I don't know the situation with Jasmine, but when someone gets caught doing it, is it wrong to prosecute them?
metanoiac 12/5/2012 | 12:16:25 AM
re: Jasmine Worker Accused of Trade Theft See Fortune article from another era :
http://www.fortune.com/fortune...

"Coolcom" was the name of the company some ex-Jasminites formed to cut a deal with Marvell, while Marvell was in negotiations with Jasmine for the acquisition of Jasmine's ASIC business.
sudden69 12/5/2012 | 12:16:24 AM
re: Jasmine Worker Accused of Trade Theft
News is, after 3 rounds of layoffs another one is around the corner...any further insight from LR regulars??
wilecoyote 12/5/2012 | 12:16:22 AM
re: Jasmine Worker Accused of Trade Theft I agree, this is a waste of time.
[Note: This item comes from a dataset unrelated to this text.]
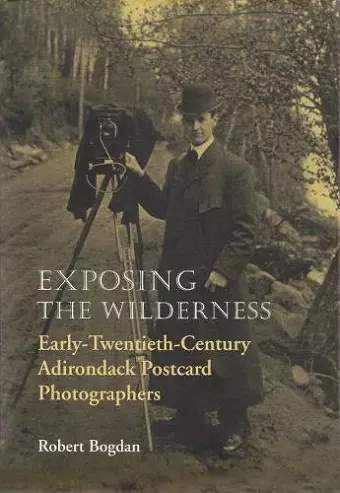 Exposing the Wilderness cover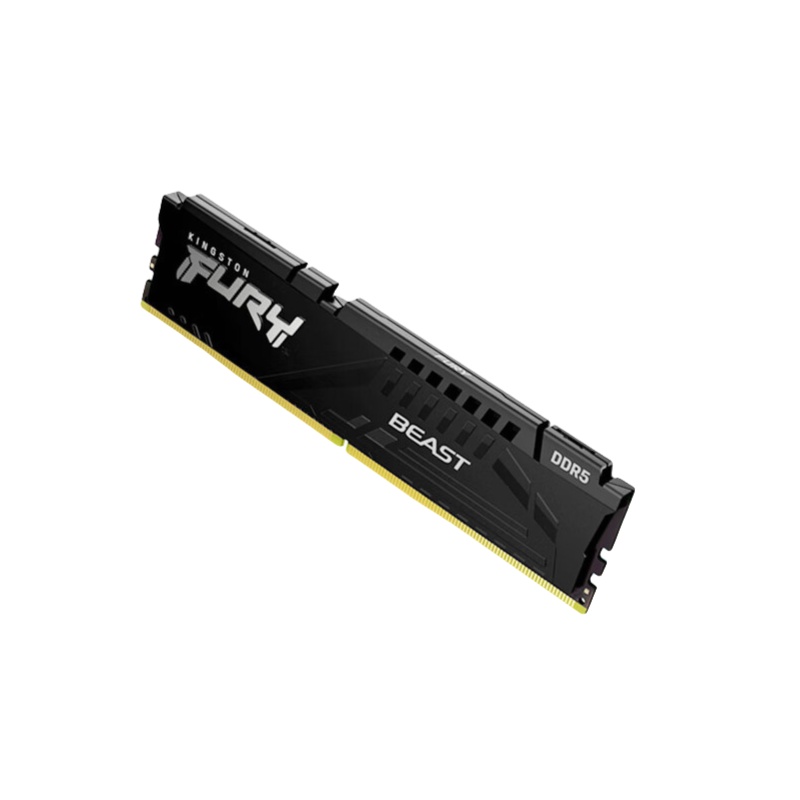 金士顿 （Kingston） KF556C40BB-16 台式机内存条 16GB DDR5 5600 （单位：根）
Jasmine was an unbelievably stupid company run by absolute bafoons.

Jasmine was a science project run by third rate jokers, backers were checked out, no one executed to a plan no one would ever buy into anyway, there was absolutely nothing but hype in the place (a la Nortel), etc. So you'd think: who cares what the employees did with the so called assets? There weren't any real assets.

But there's a disturbing trend going on. People are looting startups because they're bitter, or they think they're entitled, or whatever. The heck with that sentiment. Regardless of the value of a failing startup, people who steal assets need to be dealt with harshly. I say, sue the heck out of this guy if he's guilty and make an example out of him.
inauniversefarfaraway 12/5/2012 | 12:16:21 AM
re: Jasmine Worker Accused of Trade Theft wilecoyote wrote:
But there's a disturbing trend going on. People are looting startups because they're bitter, or they think they're entitled, or whatever. The heck with that sentiment. Regardless of the value of a failing startup, people who steal assetsneed to be dealt with harshly. I say, sue the heck out of this guy if he's guilty and make an example out of him.



Perhaps these prosecutors, and elsewhere, could kindly provide a tip line, so that the countless other rip-off jobs, and startups, and scams, can be "whistle blown".
To think that this is the only example really is understatement.